Por su parte, el índice S&P Merval de la Bolsa de Comercio de Buenos Aires reportó una leve disminución del 0,03%, cerrando en 2.998.770 puntos. Este leve descenso se produjo tras alcanzar un máximo intradiario de 3.046.565 puntos, el nivel más alto desde febrero. A pesar de la caída, el contexto general sugiere un interés renovado en los activos argentinos, especialmente en un momento donde se percibe un cambio en las condiciones del mercado.

En el sector energético, los ADR de YPF, la petrolera estatal, mostraron un incremento del 0,6% en Wall Street, alcanzando los 42,95 dólares por acción. Este aumento se produjo en un contexto de caída en los precios del petróleo, que retrocedieron cerca del 2%. Según analistas, la estabilidad en los precios del crudo es crucial para las proyecciones de las empresas en el país, y se espera que cualquier estabilización a niveles más altos podría resultar en un fortalecimiento de las expectativas de crecimiento.

Ignacio Murua, asesor financiero de Quicktrade SBS, analizó la situación actual y destacó la necesidad de diferenciar entre el ruido mediático sobre conflictos bélicos y las señales de largo plazo que pueden impactar positivamente en el mercado. Murua enfatizó que la atención debe centrarse en cómo se estabilizan los precios del petróleo y qué implicaciones tendrá esto para las proyecciones de las empresas en el futuro cercano.

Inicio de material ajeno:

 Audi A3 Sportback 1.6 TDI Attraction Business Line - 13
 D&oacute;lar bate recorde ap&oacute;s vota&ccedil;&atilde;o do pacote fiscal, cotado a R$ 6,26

En este sentido, la expectativa es que, si los precios del crudo se mantienen en niveles más altos, las proyecciones de las compañías podrían mejorar sustancialmente.

Los analistas de IOL Inversiones también aportaron su perspectiva, señalando que la tregua en Medio Oriente ha generado un alivio notable, reflejado en la baja del petróleo y el rebote en Wall Street, especialmente en el sector tecnológico. A nivel local, la caída del riesgo país y el avance de bonos y acciones son señales positivas para el mercado. Sin embargo, advirtieron sobre la posibilidad de una inflación más alta en los primeros meses del año, aunque se estima un proceso de gradual desinflación en el futuro. Este contexto de incertidumbre y sus implicancias para el mercado cambiario son factores a seguir de cerca en los próximos meses.